Le CHS de la Direction des affaires culturelles de la Ville de
Paris, réuni le mercredi 18 octobre 2007 a voté le
principe d’un moratoire sur le WiFi dans les bibliothèques
parisiennes, proposé par la Syndicat SUPAP-FSU et soutenu
par les associations Priartém et Agir pour l’Environnement,
sollicitées à titre d’experts.
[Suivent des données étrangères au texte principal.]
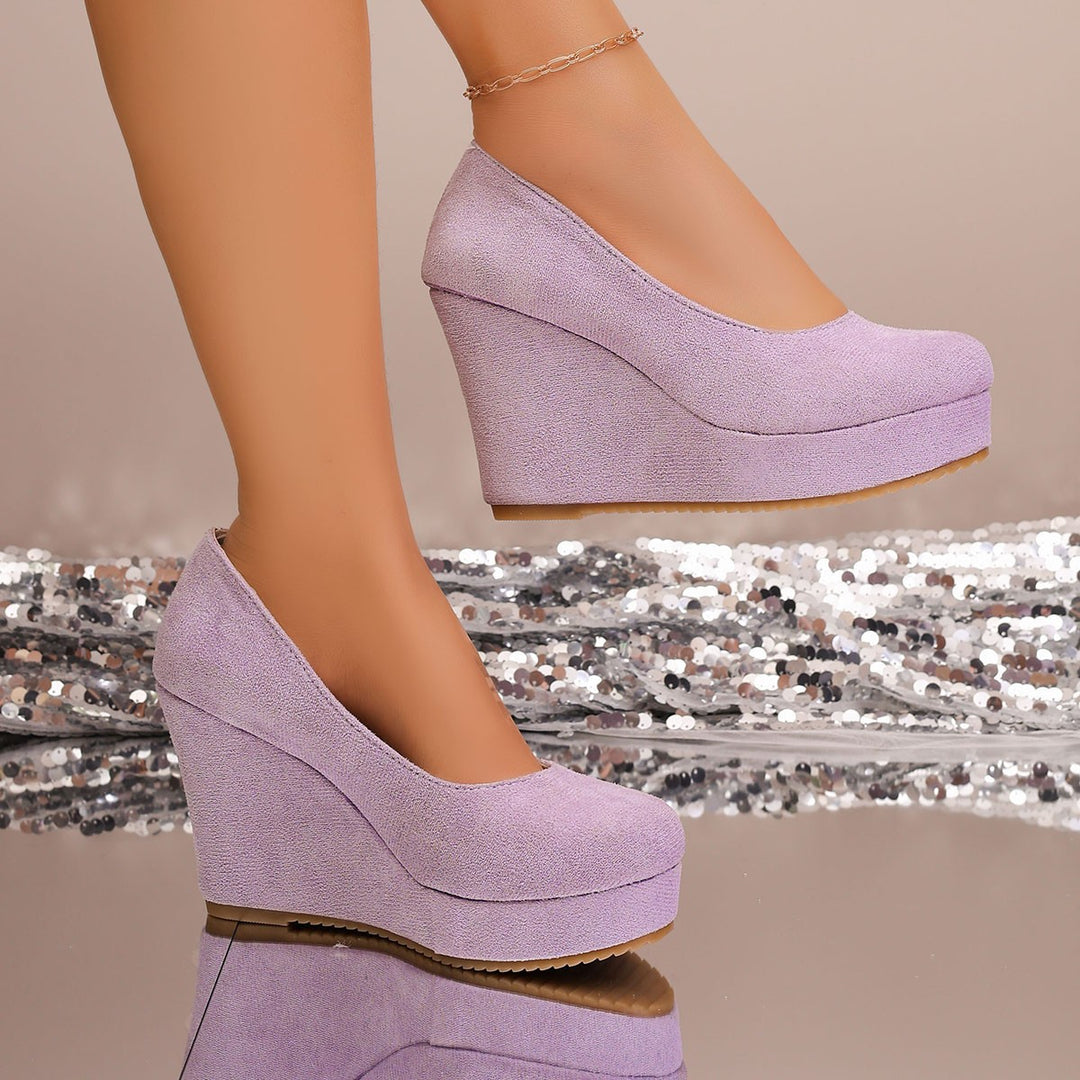 Damen Wedge-Pumps mit elegantem samtigem Obermaterial und komfortablem Fußbett EB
Les syndicats
et associations, après avoir constaté les effets
sanitaires du Wifi et la possibilité de recourir à des
solutions alternatives par câbles, ont soumis au vote une
motion réclamant un moratoire sur le développement
du Wifi dans les bibliothèques et musées.
Les associations Priartem et Agir pour l’environnement,
s’appuyant, notamment sur une étude américaine
récente (Lee and al.) qui montre les effets génotoxiques
des ondes de 2450 MHz (fréquence du WiFi) et sur le
rapport d’expertise BioInitiative produit par 14 scientifiques
internationaux qui conclut à la nécessité de
revoir les normes réglementaires concernant l’exposition
aux champs électromagnétiques, ont mis en avant
la nécessité de prendre des mesures de protection
des personnels. Elles ont rappelé qu’il fallait
absolument privilégier les connexions filaires.
Plusieurs personnes de bibliothèques récemment
connectées (10è, 11è, 13è, 14è,
16è et 18è) sont venues témoigner des
troubles qu’elles ressentaient : maux de têtes,
vertiges, malaises, douleurs musculaires... certaines ayant
même dû exercer leur droit de retrait, tant la
situation était, pour elles, devenue insupportable.
Le principe du moratoire a été accepté par
un vote positif de l’ensemble des organisations syndicales à l’exception
de la CFDT qui s’est abstenue. Monsieur Girard, adjoint
au Maire en charge de la Culture, s’est également
abstenu de même que l’ensemble des représentants
de l’administration, permettant ainsi à la motion
présentée d’être adoptée.
Les syndicats et associations se félicitent de ce vote
qui vient mettre un coup de frein au développement anarchique
du Wifi dans les bâtiments publics.
Ce vote, qui est une première, doit maintenant être
suivi d’une décision politique de mise en œuvre
de ce moratoire. Le syndicat Supap-FSU et les associations
invitent l’ensemble des élus d’arrondissement à soumettre, à l’occasion
de Conseils municipaux, des vœux réclamant également
un moratoire du Wifi dans les bâtiments publics.